Dataset entries:
- - - -
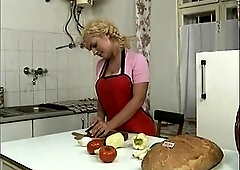 Maria Rosa's Nice Food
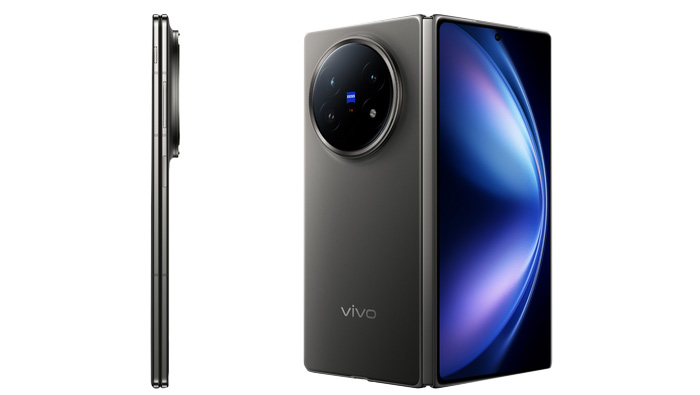 vivo X Fold5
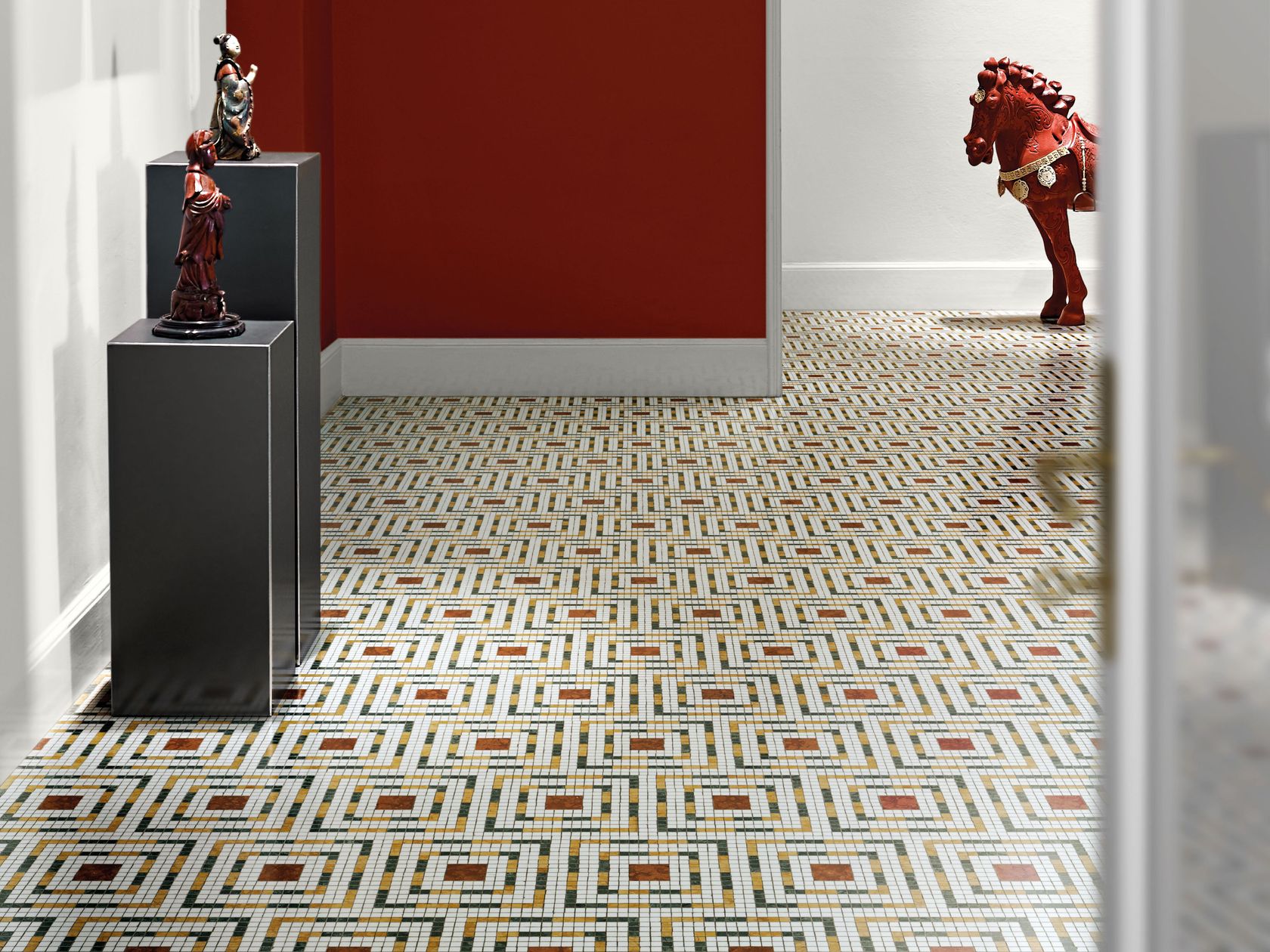 Bisazza: Mosaïques en verre | Archiproducts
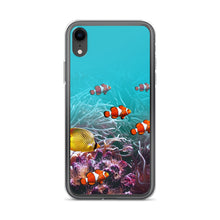 iPhone XR Sea World "All Over Animal" iPhone Case iPhone Cases by Design Express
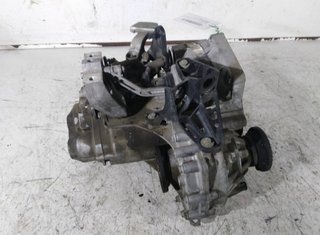 Ptu caja cambios volkswagen golf vii lim. 2894350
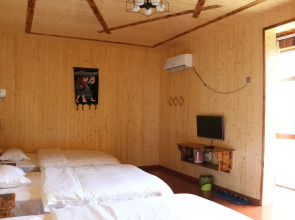 one step to heaven inn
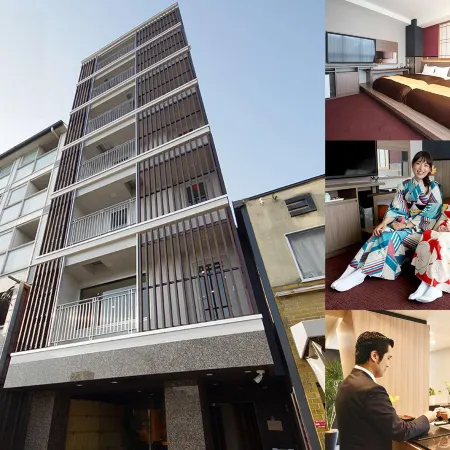 Urbain Hiroshima Central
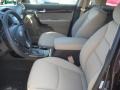  2011 Sorento LX AWD Beige Interior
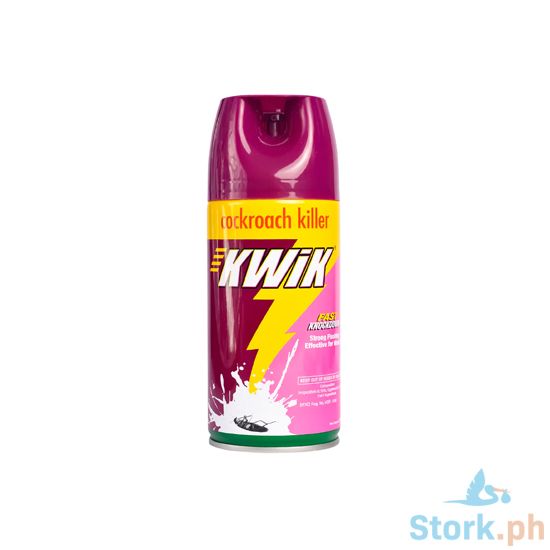 Picture of Kwik Cockroach Killer 300Ml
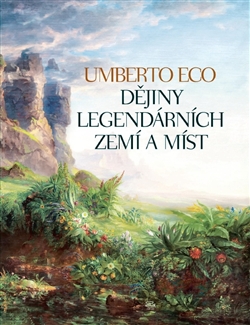 Dějiny legendárních zemí a míst - 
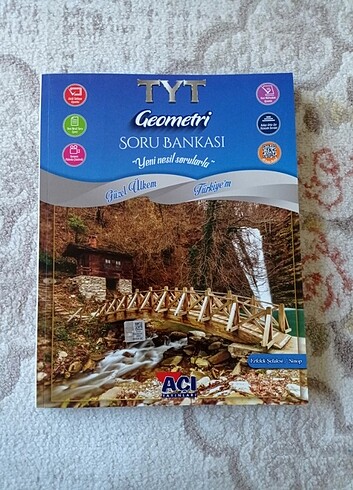 Tyt Geometri Soru Bankası 
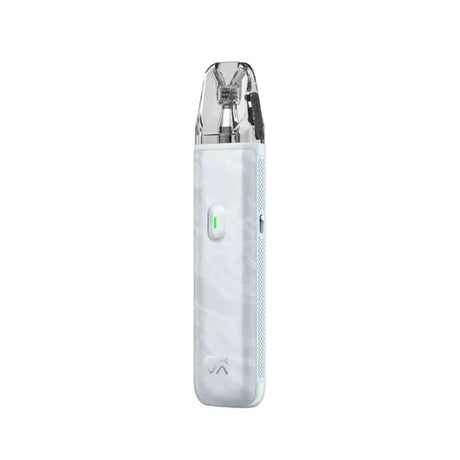 vape white mist
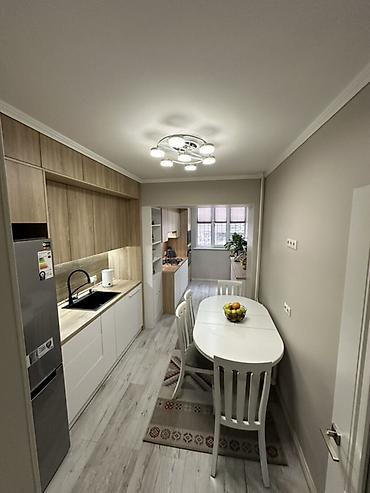 Продажа квартир: 3 комнаты, 80 м², Индивидуалка, 2 этаж, Евроремонт — 6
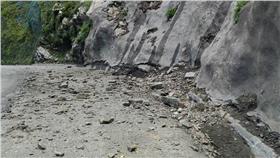 蘇花公路即時路況／臉書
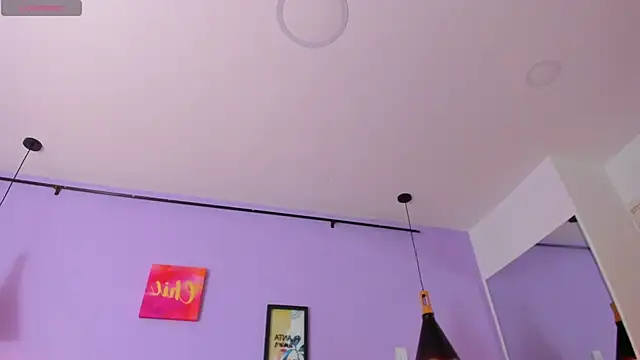 lanablacke  online show from February 2026 12:26:01 PM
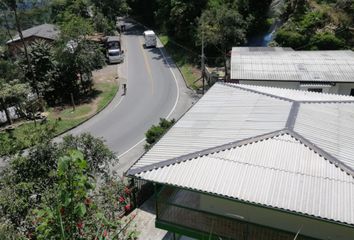 Villa-Quinta en  Alto Del Naranjo, Manizales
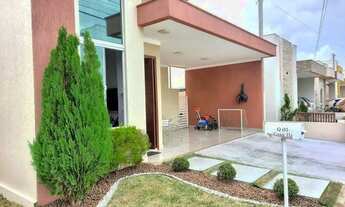 Imagem 2: VENDE-SE CASA COM 3/4 NO ECOVILLE 1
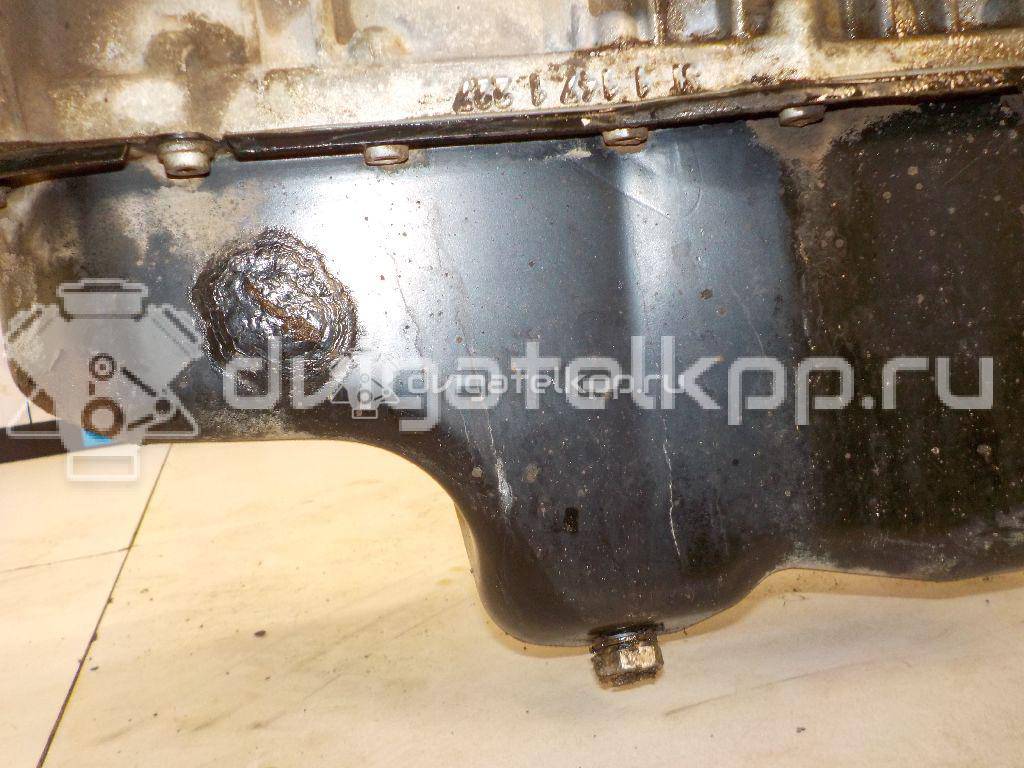 Фото Контрактный (б/у) двигатель CFNA для Seat Toledo 105 л.с 16V 1.6 л бензин 03C100092BX {forloop.counter}}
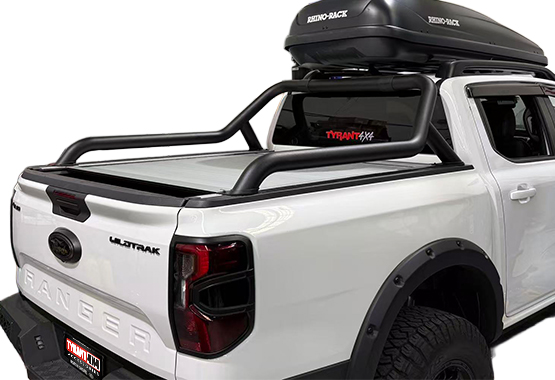sports bar, extended sports bar supreme, next gen ranger, next gen raptor>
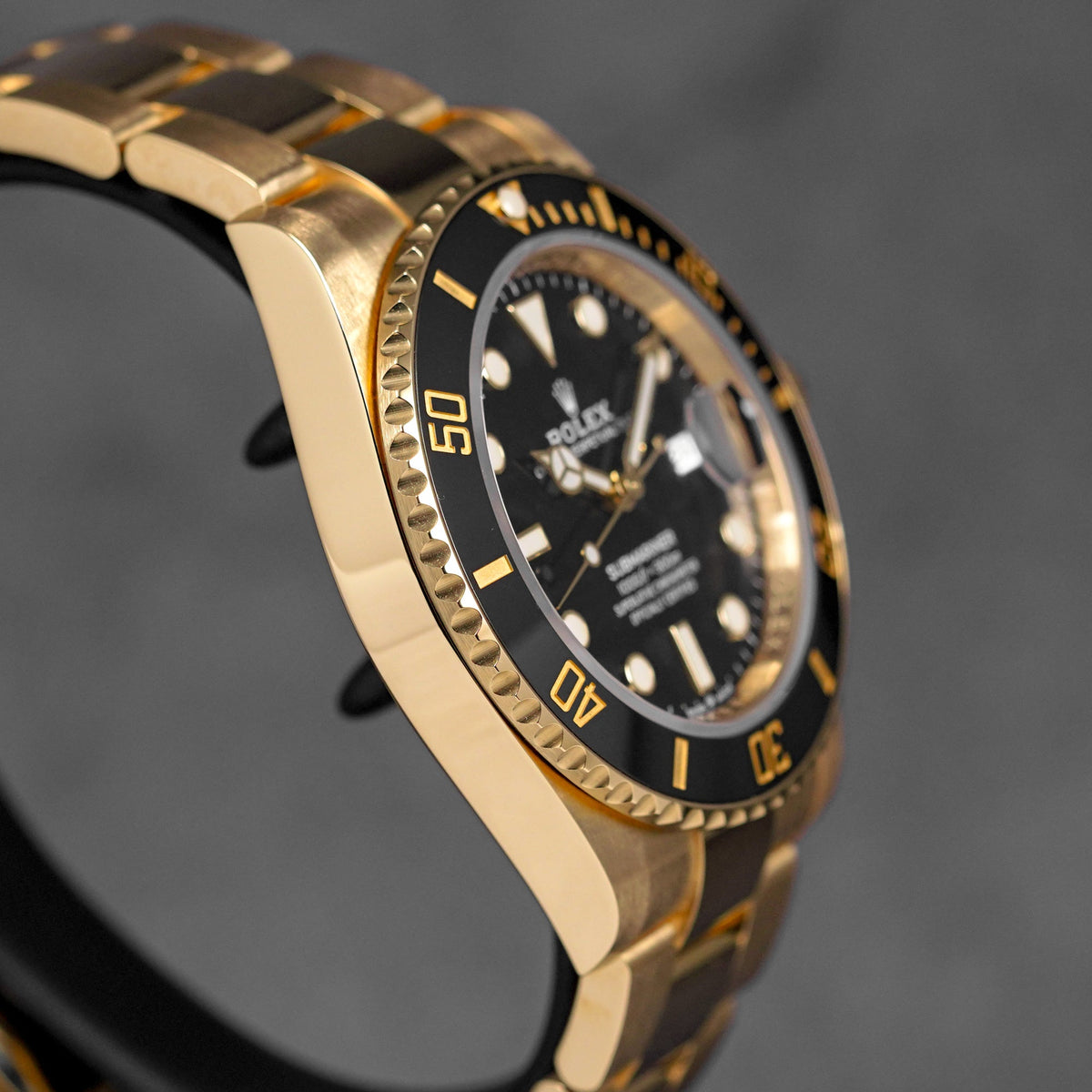 Rolex Submariner Date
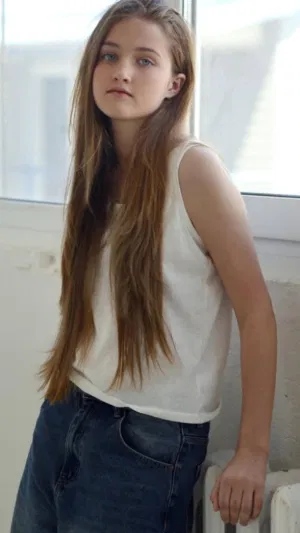 Janny03, 21 years old from United States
- - - -
Your task:
Retype the data above verbatim, minus images.

Written answer:
 Maria Rosa's Nice Food
 vivo X Fold5
 Bisazza: Mosaïques en verre | Archiproducts
 iPhone XR Sea World "All Over Animal" iPhone Case iPhone Cases by Design Express
 Ptu caja cambios volkswagen golf vii lim. 2894350
 one step to heaven inn
 Urbain Hiroshima Central
  2011 Sorento LX AWD Beige Interior
 Picture of Kwik Cockroach Killer 300Ml
 Dějiny legendárních zemí a míst - 
 Tyt Geometri Soru Bankası 
 vape white mist
 Продажа квартир: 3 комнаты, 80 м², Индивидуалка, 2 этаж, Евроремонт — 6
 蘇花公路即時路況／臉書
 lanablacke  online show from February 2026 12:26:01 PM
 Villa-Quinta en  Alto Del Naranjo, Manizales
 Imagem 2: VENDE-SE CASA COM 3/4 NO ECOVILLE 1
 Фото Контрактный (б/у) двигатель CFNA для Seat Toledo 105 л.с 16V 1.6 л бензин 03C100092BX {forloop.counter}}
sports bar, extended sports bar supreme, next gen ranger, next gen raptor>
 Rolex Submariner Date
 Janny03, 21 years old from United States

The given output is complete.